[Goal of the exercise] Beginning with the line that holds "Read Меч и жезл Вистории ru Manga Online" and ending with the last line below, please copy every line exactly, add nothing, and leave out the pictures.

[Collected data]
- Opening Delimiter -

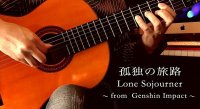 「孤独の旅路 / Lone Sojourner」ギター楽譜＆TAB譜　 ＜浄書版＞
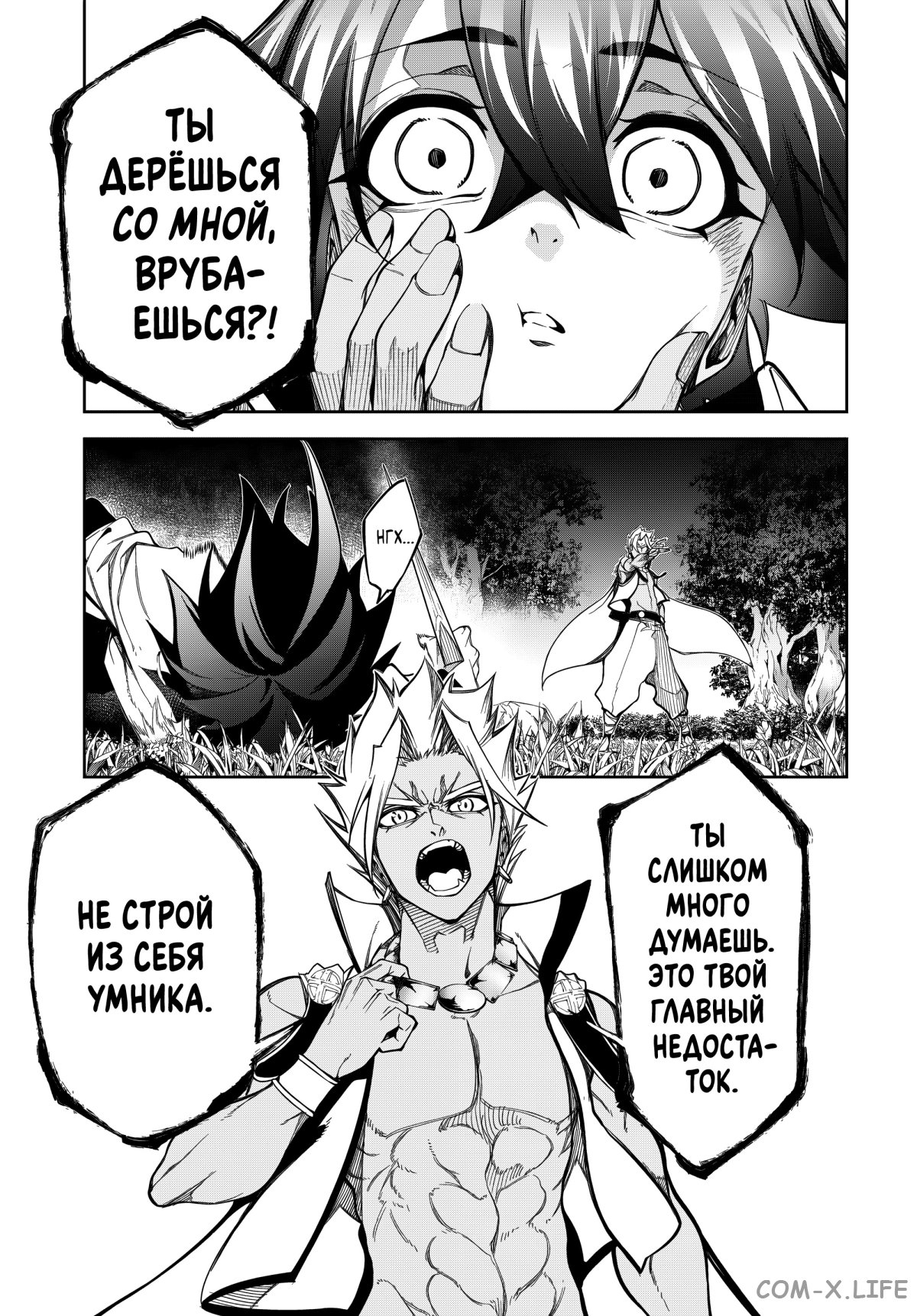 Read Меч и жезл Вистории ru Manga Online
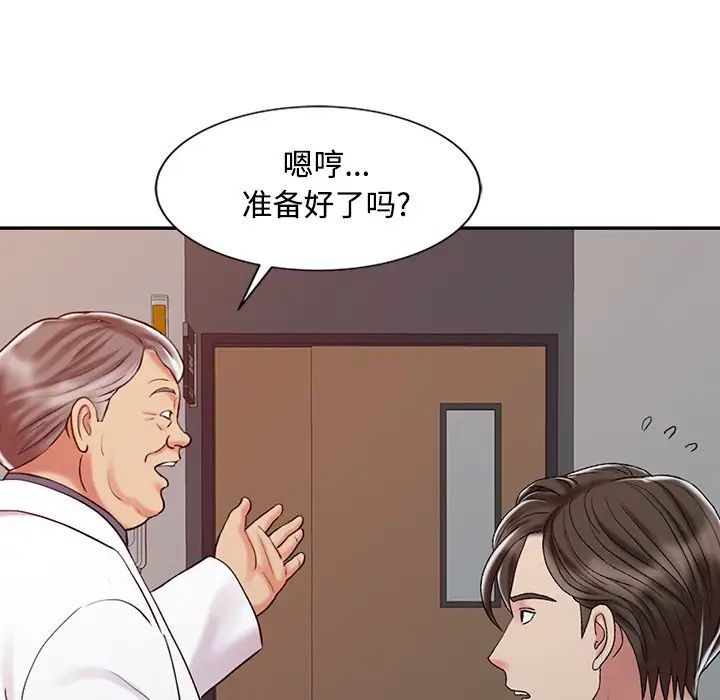 《调阴妙手》漫画最新章节第20话免费下拉式在线观看章节第【101】张图片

- Closing Delimiter -

[Problem solution]
 Read Меч и жезл Вистории ru Manga Online
 《调阴妙手》漫画最新章节第20话免费下拉式在线观看章节第【101】张图片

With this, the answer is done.